Do you ever feel... fake? Like, at any minute, Scooby Doo and the gang might roll up and unmask you as a freeloading fraud impostor in front of everyone?
There are a lot of things to say about the impostor syndrome on a psychological basis (the fears are often unrealistic / unmerited, etc). But I'd like to take another angle. For a few years, I've tried to just make a habit of being un-unmaskable. Although this is a useful frame for me, your mileage may vary.
My point isn't going to just be "do the things you know you should". I think we're often bad at judging when corners are okay to cut, so you probably do better just by having the policy of not cutting corners, unless it's extremely obviously alright to do so. That is, generally err against using scissors when confronted with corners, even if it makes sense in the moment.
- Making insights truly a part of you. This doesn't mean one should freak out about the Math Gestapo checking whether you've memorized what Jordan normal form is. Rather... when I was just beginning to learn formal proof-based math, I worried "I'm about to go work with some of the smartest people in the world, and they'll instantly see I'm a fake who just picked up shallow knowledge". The internal response was "just get good enough that in no conceivable world could you be a fake who secretly can't do formal math".

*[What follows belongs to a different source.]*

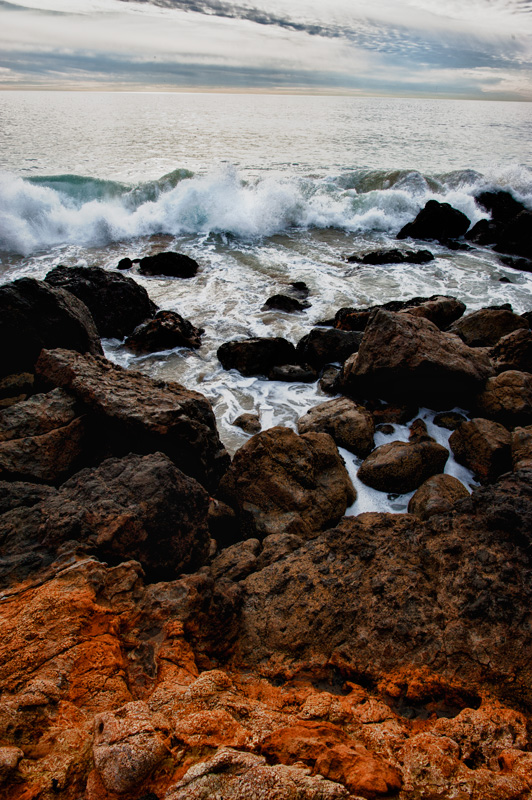 surf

- Working out regularly, taking care of the small things, building the key good habits. Having your shit together.
- Learning a lot of related areas, just in case they have key insights.
- Regularly and automatically backing up your files, in multiple locations.

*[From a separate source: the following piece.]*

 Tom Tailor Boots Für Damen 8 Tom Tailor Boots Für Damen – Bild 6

- Using a password manager to generate and store strong passwords, automatically syncing your database over Dropbox, etc.

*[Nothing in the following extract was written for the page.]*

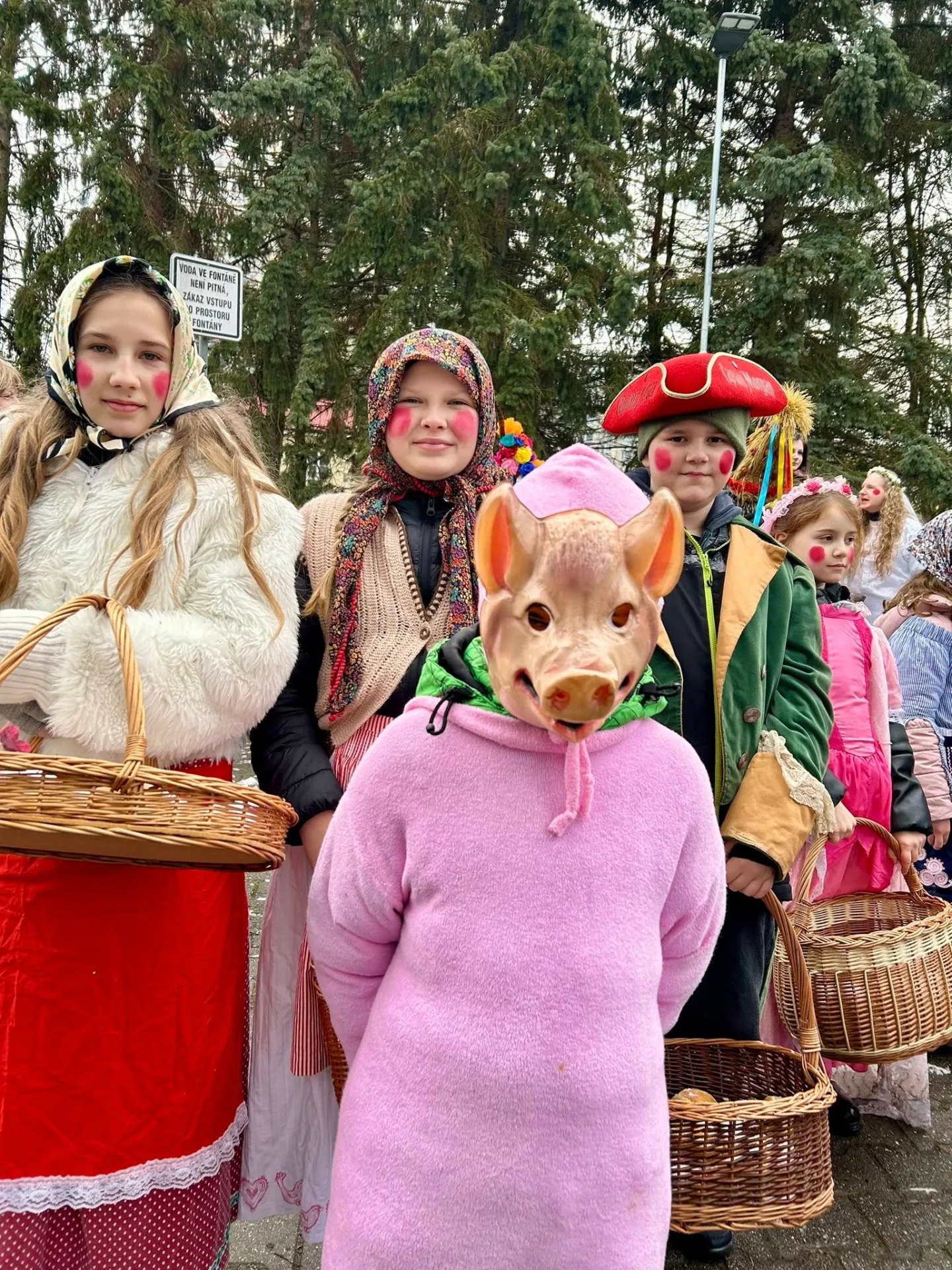 Polabinský masopust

- Rather than having embarrassing things on Facebook which you hope people won't find, just use a tool to search-and-delete incriminating cringey material from your past.
- Keep your exhaustive resume up-to-date, using a slick template like you know you should.
- Following best practices (e.g. when writing code, so there isn't a secret layer of gross code underneath the most prominent functions; when dealing with git repos, so future collaboration / merging works out okay).
- Responding to emails after reading them. Not leaving people on
readby mistake (I'm bad at this, actually).
- Using spellcheck on your documents.
- Scheduling meetings and showing up on time by leaving a lot earlier. Avoiding the planning fallacy. Setting multiple alarms before flights.
- Having enough slack.
The general philosophy
This robustness is a kind of epistemic humility - it's the kind of reasoning that robustly avoids the planning fallacy, only generalized. It's the kind of reasoning that double-checks answers before turning in the test. It's best practices, but for your own life.
I try to live my mental life such that, if people could read my thoughts, they would think I'm doing things right. That doesn't mean I'm always being polite to people in my mind, but it means that I'm not being deceitful, or unfair, or secretly cutting corners on work I'm doing for them.
Again, the point isn't "have good habits and be happy". The point is that I think we often cut too many corners, and so I recommend a policy which leans towards not cutting corners (even when it locally makes sense). The benefits for me have been twofold: getting better results, and feeling more secure about myself while getting those results.